Rock art, Ballynakilly, Co. Kerry
Co. Kerry |
Settlement Sites
Sitting in the middle of an ordinary improved pasture field on a north-west-facing slope in County Kerry, a sandstone boulder just under two metres tall carries markings that are thousands of years old.
It is not a dramatic monument ringed by interpretation boards; it is simply there, a large fractured stone with the Atlantic visible to the north between Drung Hill and Droum, and the Coomasaharn mountains rising to the west. What makes it quietly remarkable is the density and variety of what has been pecked and grooved into its surface across three distinct decorated faces.
The vocabulary of motifs belongs to the tradition of prehistoric Atlantic rock art, a broad corpus of abstract carving found across Ireland, Britain, and Atlantic Europe, generally dated to the Neolithic and early Bronze Age periods.
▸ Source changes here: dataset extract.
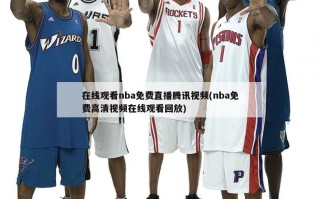 在线观看nba免费直播腾讯视频(nba免费高清视频在线观看回放)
Cup-and-ring marks, the most recognisable form, consist of a small circular depression, the cup, enclosed by one or more concentric rings carved into the rock surface. At Ballynakilly, the main concentration sits close to ground level on the north-east side of the north-west-facing aspect. Here, two cross-and-ring motifs, each a simple incised cross enclosed within a circular ring, are connected to one another by a linear groove, and a second groove links them onward to a cup-and-two-ring motif, creating a kind of visual chain across the stone. A penannular ring, meaning a ring left deliberately open at one point rather than closed, sits just three centimetres to the north of that grouping. The flat top of the boulder carries a further pair of cup-and-two-ring motifs aligned north to south, while the south-east-facing side bears two long curvilinear grooves sweeping across its lower surface. Some of the linear grooves cutting across the rings appear relatively fresh and may be modern additions, a complication that is not unusual on sites that have sat in agricultural land for centuries.
The boulder is accessible within a working pasture field, so the motifs close to ground level require crouching to examine properly. The weathering means the carvings are legible rather than vivid; a low, raking light, such as that on an overcast day or in the slanted sun of early morning or late afternoon, tends to bring out shallow relief carving far more effectively than direct overhead light.